The role of non-US companies in the energy sector is limited mainly to the downstream. In the upstream, one of the main joint venture partners of Uzbekneftegaz is Elf Aquitaine of France. Elf is exploring for oil in an area near the Cornelius-operated Mingbulak. There have been suggestions by some observers that Cornelius, which is not strong in cash, might eventually bring in Elf or one of the big US firms as a partner for Mingbulak.

Technip of France, along with Marubeni and JGC Corporation of Japan, built the 50,000 b/d condensate refinery at Bukhara, which was inaugurated in August 1997. This brought the number of refineries in Uzbekistan to three and strengthened the country's position as a regional exporter of oil products (see Part 2).

Marubeni of Japan signed a protocol with the Uzbek government in May 1993 to co-operate in the oil and gas sectors. As part of the accord, Marubeni and Chiyoda Corp. of Japan won a letter of intent in June 1993 to submit to Uzbekneftegaz feasibility studies on the construction of two new refineries in Uzbekistan, each to cost about $500 million.

Nissho Iwai of Japan is involved in the development of Kokdumalak in partnership with MW Kellogg and Uzbekneftegaz (see above). A broad co- operation protocol between Nissho Iwai and the Uzbek government had been signed in Tokyo in May 1994, when President Karimov was visiting Japan. Mitsui of Japan is upgrading the 108,000 b/d Ferghana oil refinery, in a $210m project financed through $100m in credits from JEXIM Bank, $90m from the European Bank for Reconstruction and Development, and $20m provided in kind by Uzbekneftegaz.

TH Loy Industries Bhd of Malaysia has developed the Karaktay oilfield under a 50-50 venture with Uzbekneftegaz signed in July 1994. TH Loy is a subsidiary of Probadi Sdn. Bhd., one of the key companies with links to the Prime Minister of Malaysia, Dr. Mahathir Mohammed.

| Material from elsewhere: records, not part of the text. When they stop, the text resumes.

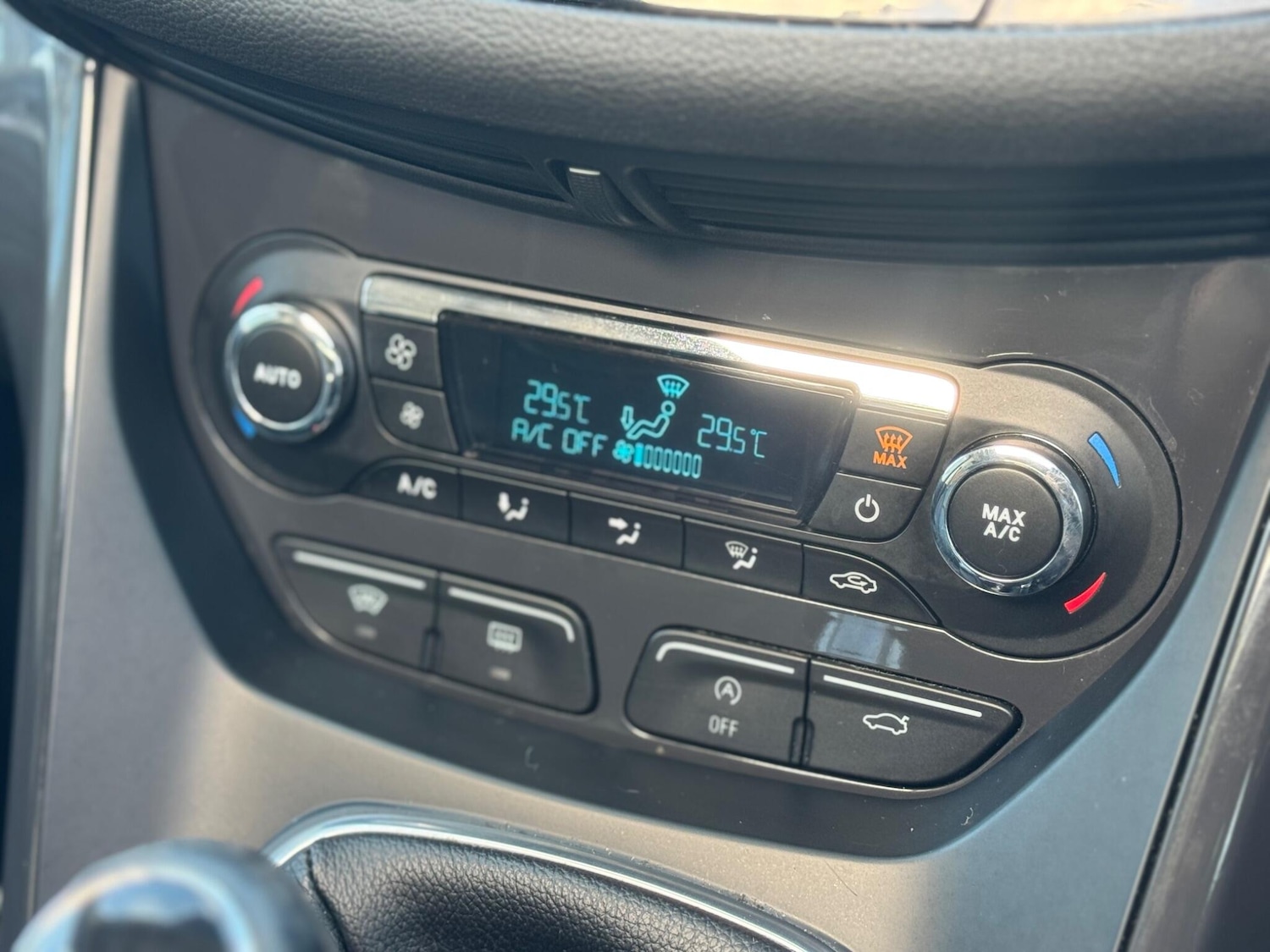 Used Ford Kuga 2015 for sale - 77255461: Photo 16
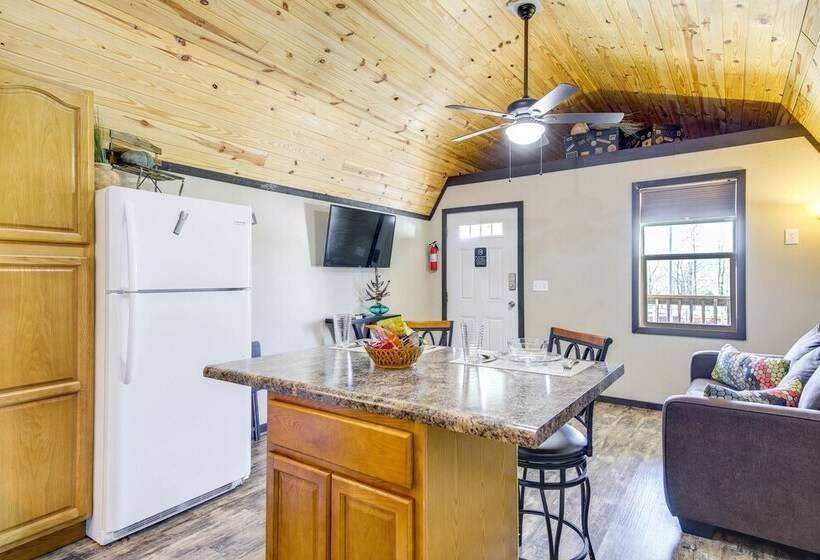 Charming Cabin Near Great Smoky Mountains!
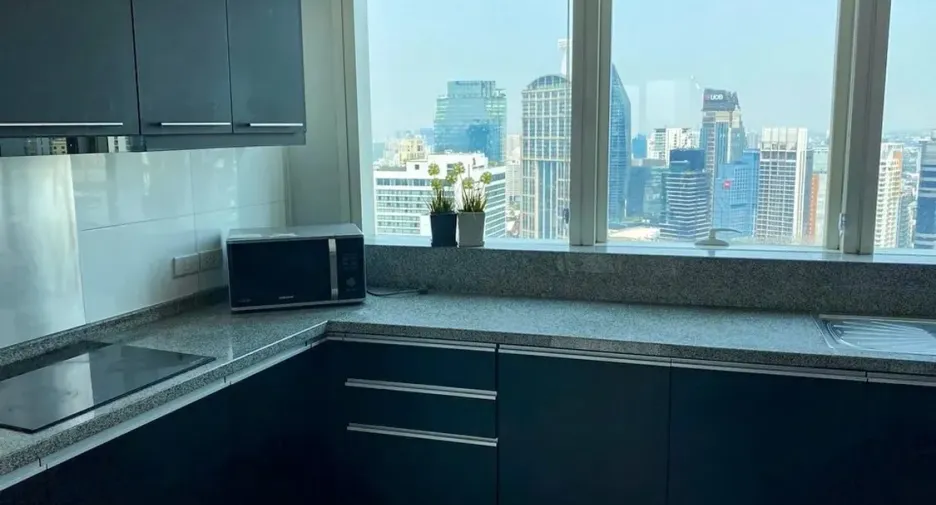 Wohnung zur Miete mit 3 Zimmer in Khlong Toei, Bangkok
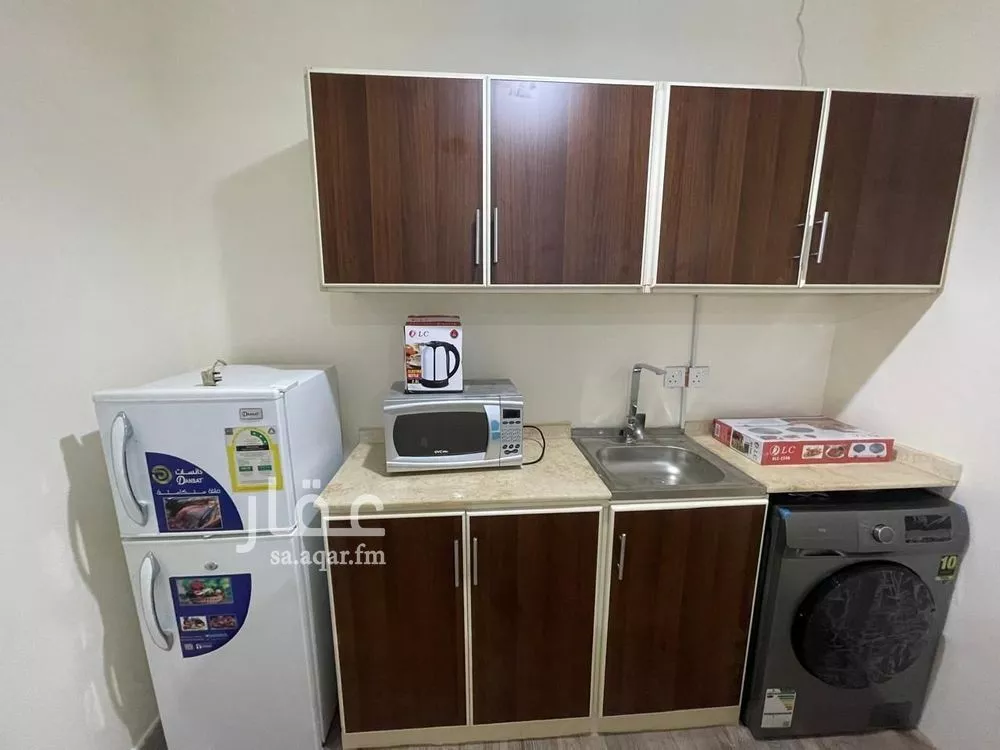 1 bedroom floor in Al Sharafiyah 5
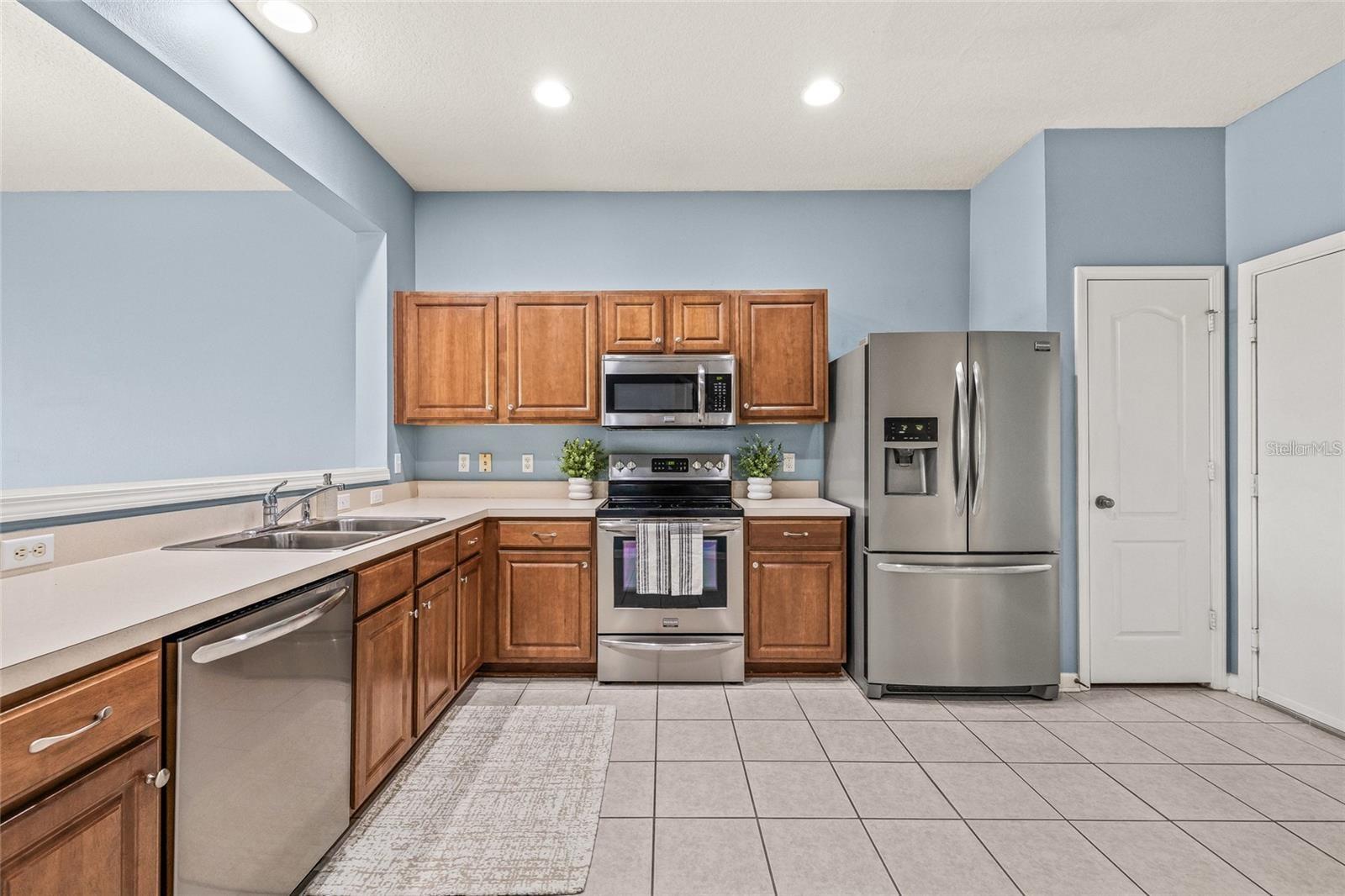 4879 POND RIDGE DR — photo 11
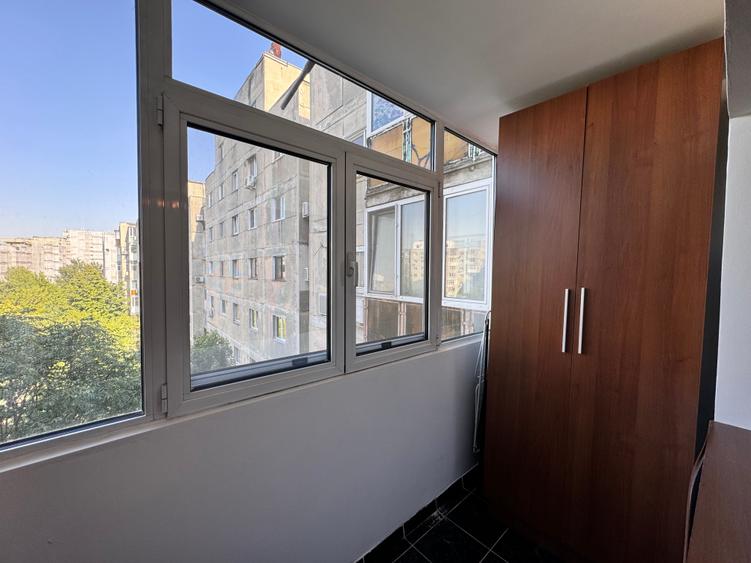 Apartament cu 2 camere decomandat în Tineretului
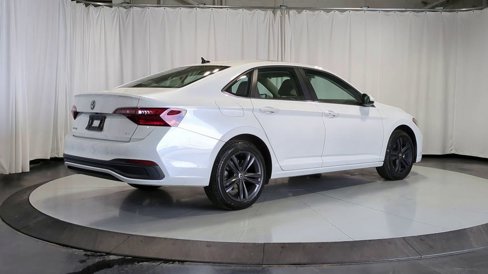 Used 2023 Volkswagen Jetta SE image 9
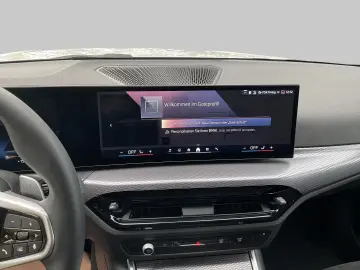 BMW 320 I XDRIVE Pachet Sport Navi Digital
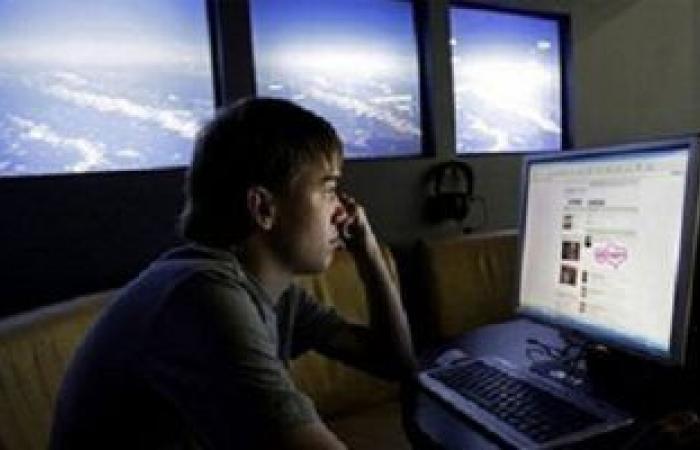 دراسة: استخدام المراهقين للإنترنت بكثافة يؤدى إلى الاكتئاب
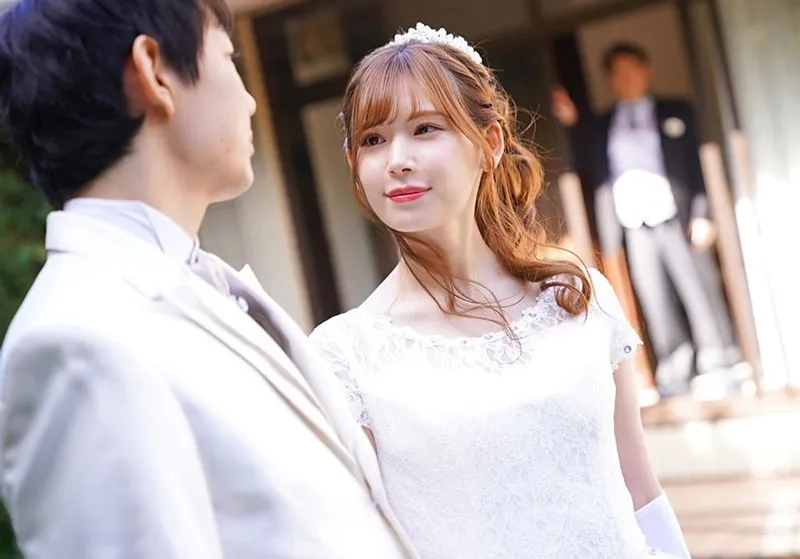 Bố chồng yêu chịch con dâu ngay sau lễ cưới của con trai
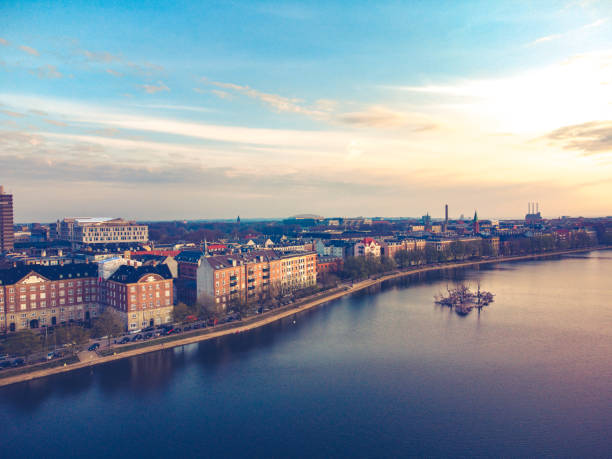köpenhamn skönhetssjöar - drone copenhagen bildbanksfoton och bilder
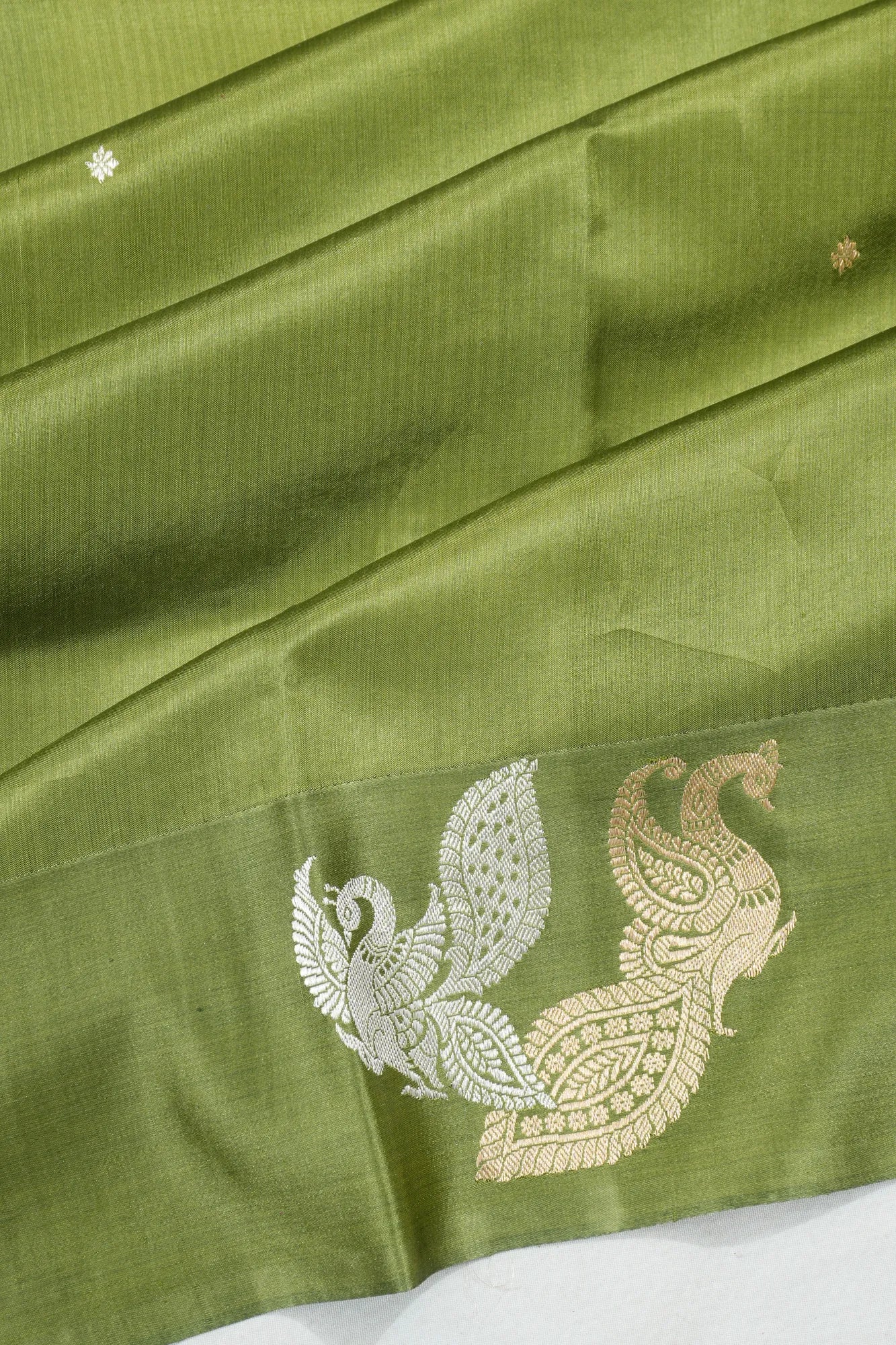Banarasi Katan Silk Butta Green Saree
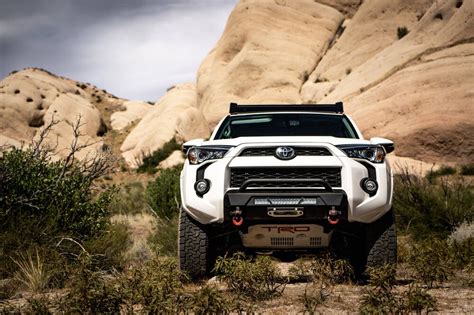 Body Armor 2014-2020 Toyota 4 Runner Hiline Front Winch Bumper Black T – autopartstoys.com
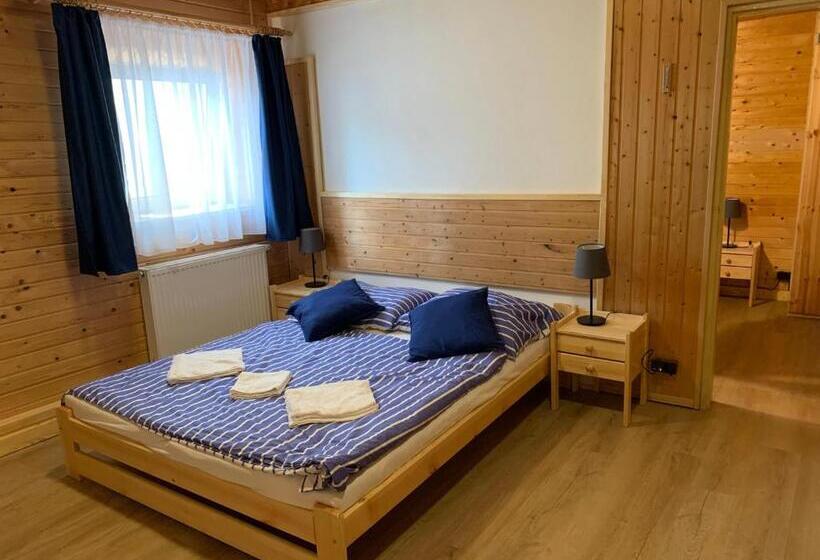 חדר סטנדרט לארבעה, Penzion A Restaurace Vyhlídka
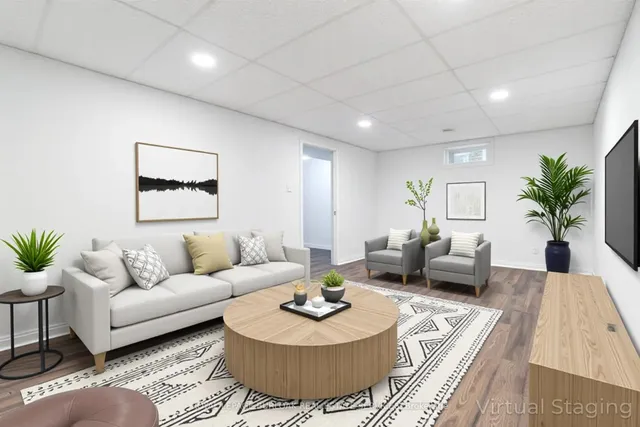 Additional image 21 of 5475 Lakeshore Rd Unit 4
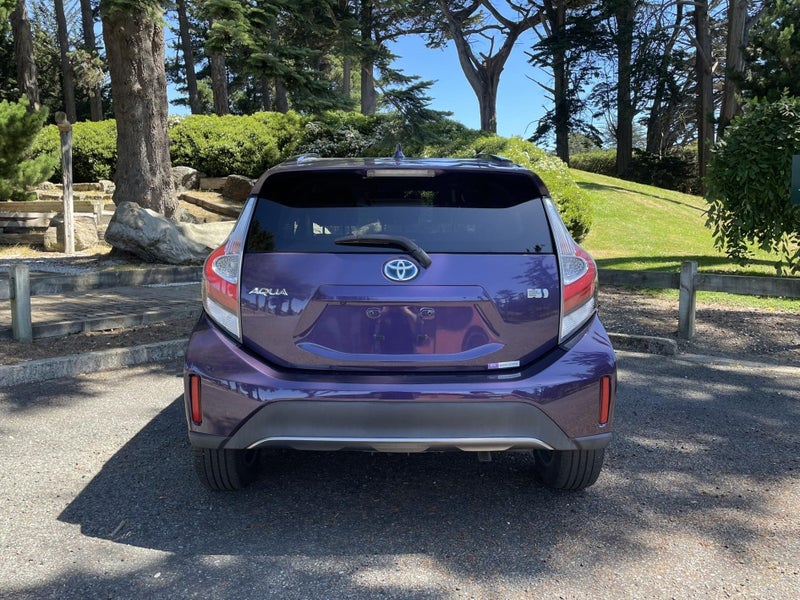 2018 Toyota Aqua Crossover Hybrid image 5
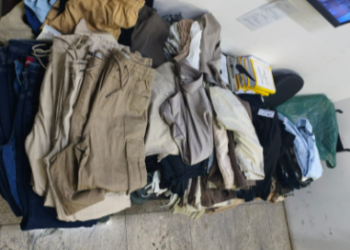 GAMA apreende roupas avaliadas em R$ 18,4 mil — #PraCegoVer: imagem mostra peças de roupas apreendidas pela Guarda Municipal durante ocorrência em Americana.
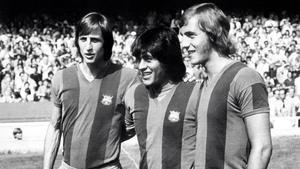 Johan Cruyff , Hugo Sotil  y Johan Neeskens, en el Nou Camp el 1 de agosto de 1974.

In January 1997, Tashkent approved a $1 bn petrochemicals and NGLs project in the Kashkandarya region of southern Uzbekistan near the Shurtan gas fields. Later a consortium including the Swiss-Swedish conglomerate ABB, Mitsui and Nissho Iwai was formed to invest $600m in the venture, with the Tashkent government to provide $400m. The complex would have the capacity to produce 125,000 t/y of polyethylene, 137,000 t/y of gas liquids, and 37,000 t/y of condensate.

The Russian role in Uzbekistan's energy projects is limited, compared to the presence of Russian oil and gas companies in Azerbaijan and Kazakhstan. A JV was formed in March 1995 between LUKoil, the biggest Russian integrated oil

company, and Uzbekneftegaz to develop nine gas fields with 5.2 TCF of identified reserves in place and to explore for oil and gas in western Uzbekistan. LUKoil has a 40% share in this JV and Uzbekneftegaz has 60%.

Moscow wants Turkmenistan to remain totally dependent on Russia's pipeline system for exports. But Gazprom does not allow Uzbekneftegaz to export gas to Europe through the monopoly's pipelines; as a result, Uzbek gas exports are limited to the CIS market as in the case of Turkmenistan.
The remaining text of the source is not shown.